▶ [INPUT DATA]:
◇ ◇ ◇

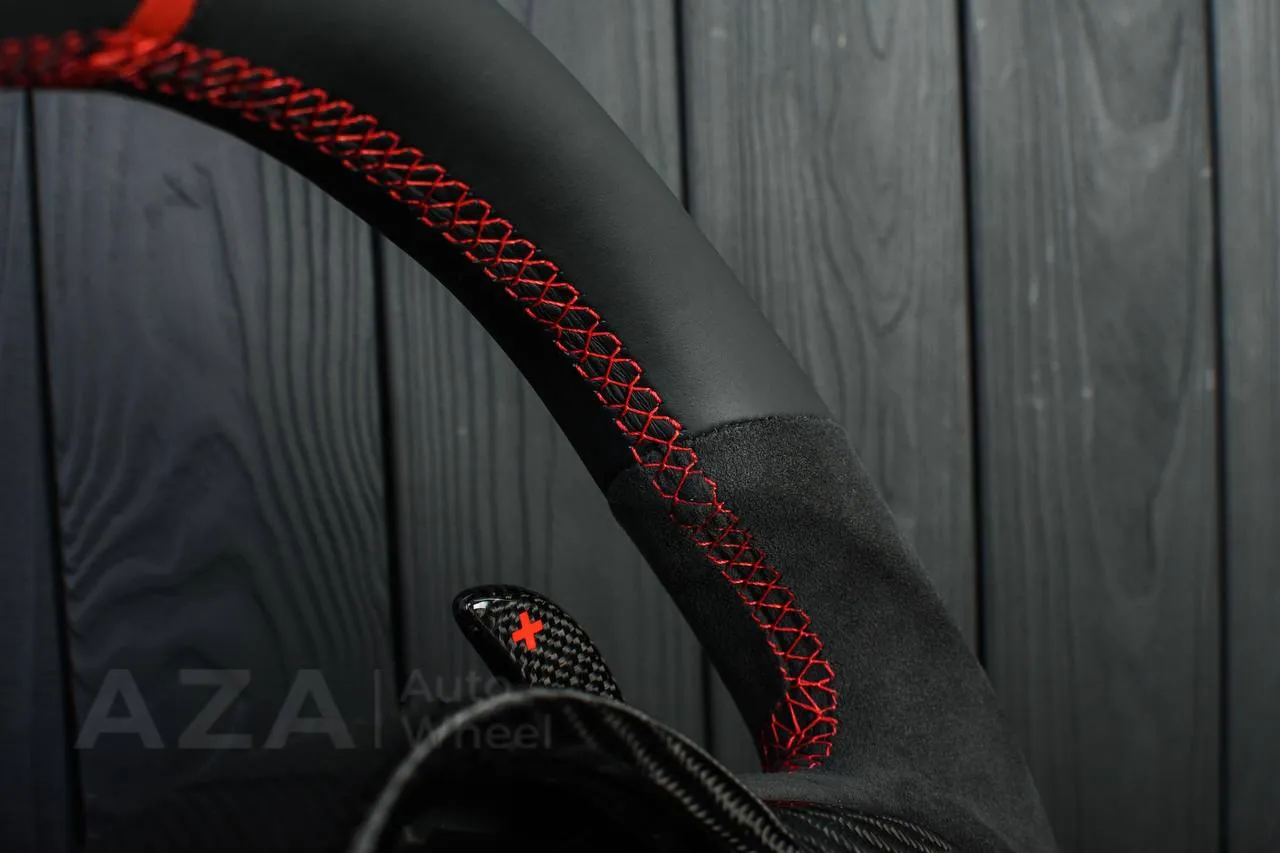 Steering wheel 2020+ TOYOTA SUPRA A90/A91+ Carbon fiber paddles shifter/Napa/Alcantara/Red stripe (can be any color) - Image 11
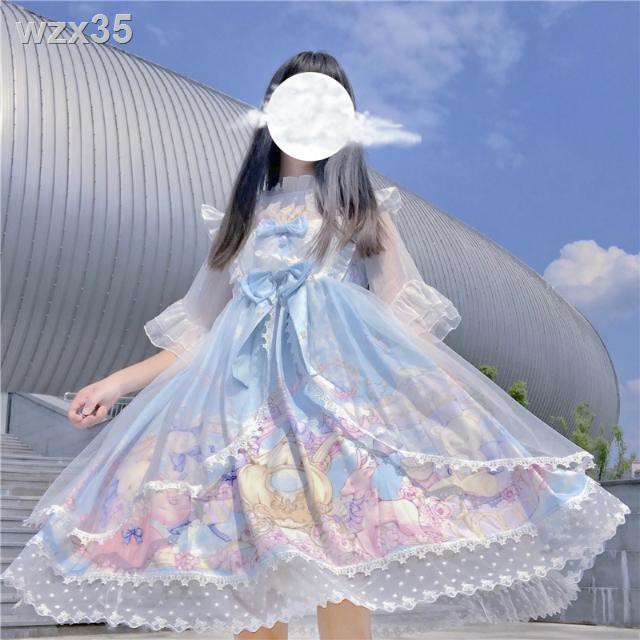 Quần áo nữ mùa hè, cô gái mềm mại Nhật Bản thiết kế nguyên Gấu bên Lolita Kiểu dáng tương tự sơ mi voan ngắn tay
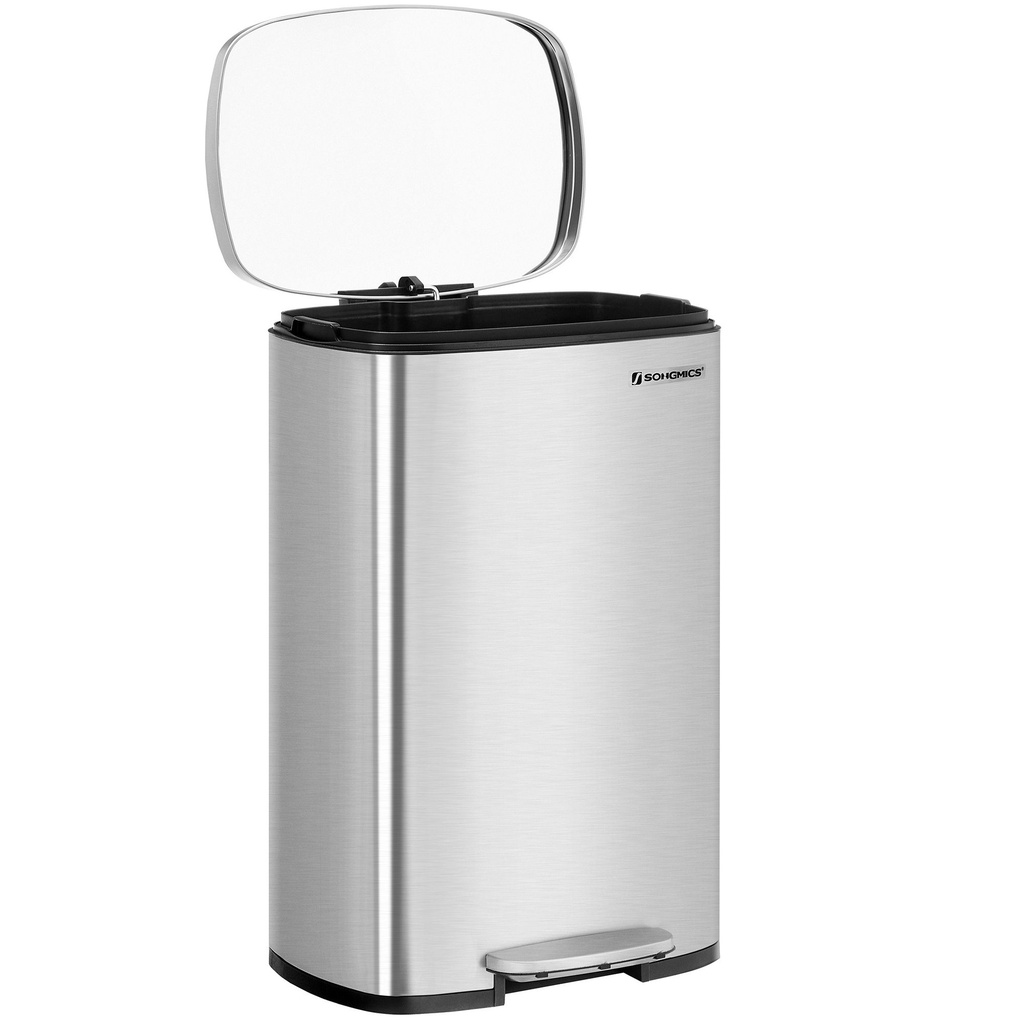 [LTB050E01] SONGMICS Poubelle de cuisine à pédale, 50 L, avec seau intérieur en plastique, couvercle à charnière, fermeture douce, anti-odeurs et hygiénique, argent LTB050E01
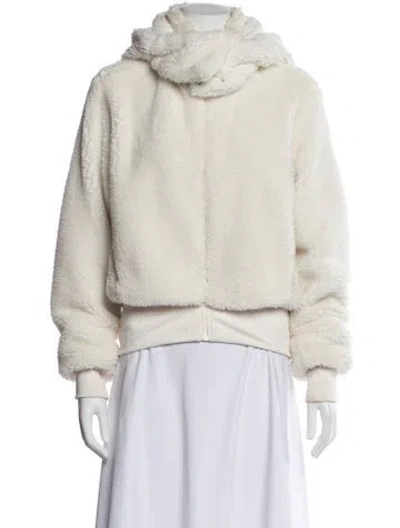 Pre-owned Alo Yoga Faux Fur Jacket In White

◇ ◇ ◇

▶ [TASK DIRECTIONS]:
Except for the pictures, give all the material above again verbatim.

▶ [SOLUTION TO THIS EXERCISE]:
 Steering wheel 2020+ TOYOTA SUPRA A90/A91+ Carbon fiber paddles shifter/Napa/Alcantara/Red stripe (can be any color) - Image 11
 Quần áo nữ mùa hè, cô gái mềm mại Nhật Bản thiết kế nguyên Gấu bên Lolita Kiểu dáng tương tự sơ mi voan ngắn tay
 [LTB050E01] SONGMICS Poubelle de cuisine à pédale, 50 L, avec seau intérieur en plastique, couvercle à charnière, fermeture douce, anti-odeurs et hygiénique, argent LTB050E01
 Pre-owned Alo Yoga Faux Fur Jacket In White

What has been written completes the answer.